Prednisolone is a corticosteroid drug with predominant glucocorticoid and low mineralocorticoid activity, making it useful for the treatment of a wide range of inflammatory and autoimmune conditions[4] such as asthma,[5] uveitis, pyoderma gangrenosum, rheumatoid arthritis, ulcerative colitis, pericarditis, temporal arteritis and Crohn's disease, Bell's palsy, multiple sclerosis,[6] cluster headaches, vasculitis, acute lymphoblastic leukemia and autoimmune hepatitis,[7] systemic lupus erythematosus, Kawasaki disease,[8] dermatomyositis,[9] and sarcoidosis.[10]

Prednisolone acetate ophthalmic suspension (eye drops) is an adrenocortical steroid product, prepared as a sterile ophthalmic suspension and used to reduce swelling, redness, itching, and allergic reactions affecting the eye.[11][12]

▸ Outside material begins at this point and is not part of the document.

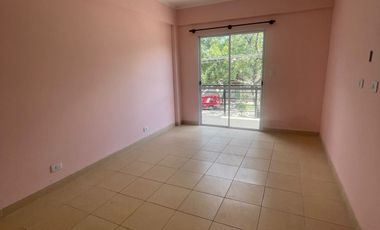 Departamento en alquiler en Sargento Cabral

Prednisolone can also be used for allergic reactions ranging from seasonal allergies to drug allergic reactions.[13]

Prednisolone can also be used as an immunosuppressive drug for organ transplants.[9][14]

Prednisolone in lower doses can be used in cases of primary adrenal insufficiency (Addison's disease).[15][16]

Corticosteroids inhibit the inflammatory response to a variety of inciting agents and, it is presumed, delay or slow healing.[17] They inhibit the edema, fibrin deposition, capillary dilation, leukocyte migration, capillary proliferation, fibroblast proliferation, deposition of collagen, and scar formation with inflammation.[18]

Adverse effects

There are several adverse reaction from the use of prednisolone:

Nasal septum perforation and bowel perforation are also notable adverse effects that restrict steroids' use in some pathologic conditions.[20][21]

Withdrawal from prednisolone after long-term or high-dose use can lead to adrenal insufficiency.[19]

Pregnancy and breastfeeding

Although there are no major human studies of prednisolone use in pregnant women, studies in several animals show that it may cause birth defects including increase cleft palate. Prednisolone should be used in pregnant women when benefits outweigh the risks and children born from mothers using prednisolone during pregnancy should be monitored for impaired adrenal function.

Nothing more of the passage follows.